Nevertheless, the test proves the capability of the proposed procedure of successfully
training high performing MLP solutions and provides a baseline for the evaluation of
the ANNGaT algorithm.
Finally, the learning trials involving the full ANNGaT algorithm generate solutions that
attain classification results comparable within one standard deviation to the results
obtained using the BP or the ANNT algorithm. However, the average size of the
evolutionary generated MLP structures is considerably smaller than the size of the
manually generated counterparts.
The average size of the hidden layer of the evolved three-layer solutions is three times
smaller than the size of the hidden layer of the solution suggested by Packianather et al.
(2000). The hidden layer of the evolutionary three-layer MLP is also less than half the
size of the solution that was manually optimised by the authors.
Page 23
The four-layer evolutionary ANN is more compact than the four-layer solution
suggested by Pham and Sagiroglu (2000). On average, the two hidden layers generated
by the ANNGaT algorithm are two-thirds the size of the manually optimised
counterparts. This reduction in size entails a drastic reduction in the number of
connection weights. In fact, the automatically generated neural networks contain a
number of weights that is on average half the number of weights contained by the
manually optimised structures.
The introduction of the second hidden layer brings no appreciable improvements to the
learning accuracy of the evolved solutions. This result confirms the conclusion of
Packianather et al. (2000) that a three-layer ANN configuration is fully adequate for the
task. Given the size of the hidden layers evolved by the ANNGaT algorithm for the two
configurations, a three-layer ANN structure represents the most compact choice.
The size of the minimal solutions generated during the 20 learning trials emphasises the
capability of the proposed algorithm of generating extremely compact structures. The
the maximal solutions generated during the 20 learning trials are in both cases (3-
layered and 4-layered MLP) smaller than the manually generated classifiers. The use of
smaller MLP architectures gives advantages in terms of faster processing times, and
cheaper implementation on hardware boards.
On average, the time duration of one run of the ANNGaT algorithm amounts to 71
minutes circa for the optimisation of the three-layer configuration and 103 minutes circa
for the optimisation of the four-layer configuration. BP training of the manually
optimised solutions takes about 10 minutes. The latter figure however doesn’t take into
account the time needed for the lengthy manual trial and error design of the solutions.
Page 24
The manual optimisation of the MLP took the authors about one day of work. A
PentiumIII 1GHz processor with 512 MB of RAM was used for the tests.

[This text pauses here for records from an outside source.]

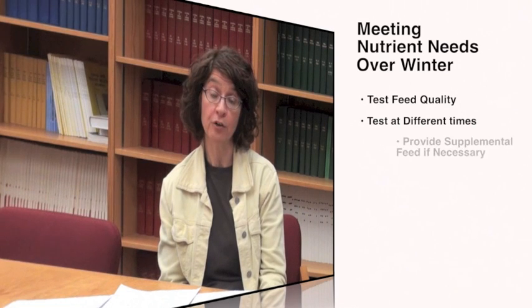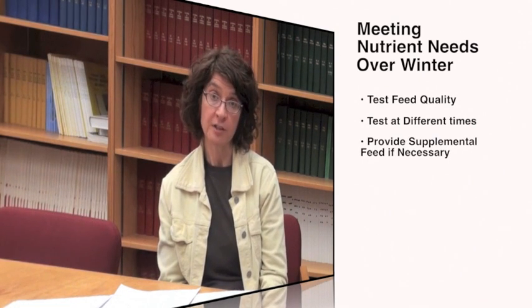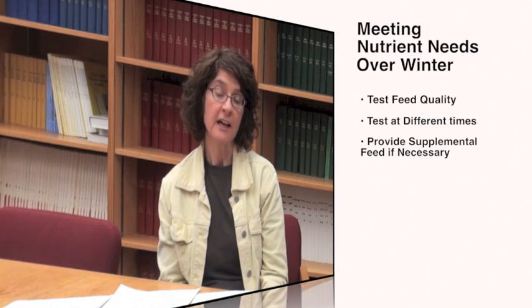When combining bales of different quality, it's important to consider animal access. It may be better to provide nine bales of high-quality feed and three bales of low-quality feed over a three-day period to ensure that all animals have access to the high-quality feed first, given competition between animals. This helps ensure that less aggressive animals aren't being compromised in terms of body condition score. Ideally, we like to keep that body condition score between a two and a half and a three throughout the grazing season.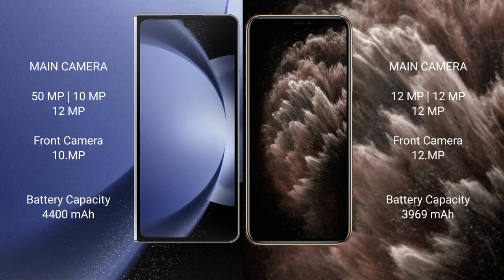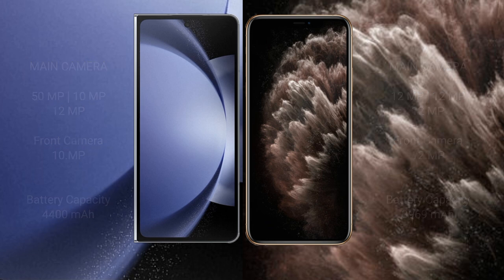Samsung Galaxy Z Fold 6 has a 4400mAh battery with 45W fast charging support. iPhone 11 Pro Max has a 3969mAh battery with 20W fast charging support.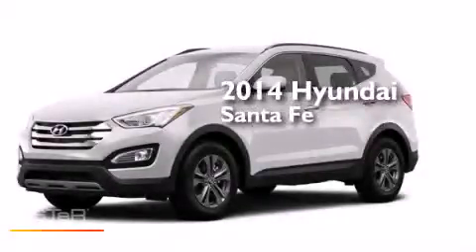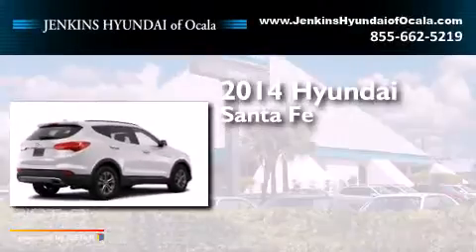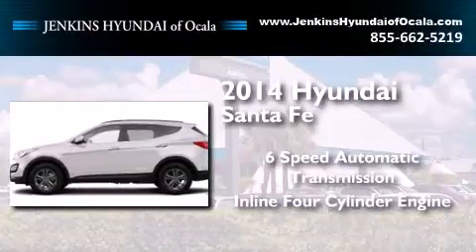This is a brand new 2014 Hyundai Santa Fe. This crossover has a six-speed automatic transmission and an inline four-cylinder engine.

Fig. 3a-b shows the learning curves for the three- and four-layer MLP configurations.
The figure refers to 20 independent learning trials that were run during the parameter
optimisation phase of the algorithm. The plot monitors the evolution of the average
classification accuracy of the EA population and of its fittest individual on the training
set of examples. The evolution of the classification accuracy of the fittest individual on
the test set is also reported. The plot refers to average values over the 20 learning trials
and monitors the learning process over 10000 generations. In both the cases, the curves
show the standard learning pattern of EAs with a brisk initial improvement of the
population fitness followed by slow convergence to the maximum values.
The smooth approximately exponential behaviour of the learning curves is the result of
the collective learning process of a population of individuals. While part of the
population may occasionally get stuck into local optima or flat areas of fitness, other
solutions improve their fitness, and gradually monopolise the whole population pool.
This gradual spread of successful solutions gives rise to the smooth approximately
exponential learning curves of the kind of Fig. 3.
The classification accuracies usually reach their peak well before the last generation.
Due to some overfitting of the training set, the generalisation capability (i.e. test set
accuracy) of the solutions slightly deteriorates towards the end of the evolution span.
Fig. 4a-b illustrates the evolution of the average size of the hidden layer of the three-
and four-layer MLP configurations. The figure refers to the same 20 learning trials
monitored in figs. 3 and shows the structure evolution process over 10000 generations.
Very soon the size of the MLP structures starts decreasing and increasingly more
Page 25
compact solutions are found. This process continues also after the training accuracy
reaches its peak, driven by the selection procedure that favours compactness when equal
accuracy is attained. In the second part of the evolution period, the population
converges to the final solution and the evolution curves flatten.
6 CONCLUSIONS AND FURTHER WORK
This study expands previous work on the classification of wood veneer defects from
statistical features of wood sub-images using an MLP classifier system. The generation
of the MLP classifier is automated following the introduction of ANNGaT, an
evolutionary procedure for concurrent structure design and training of ANN systems.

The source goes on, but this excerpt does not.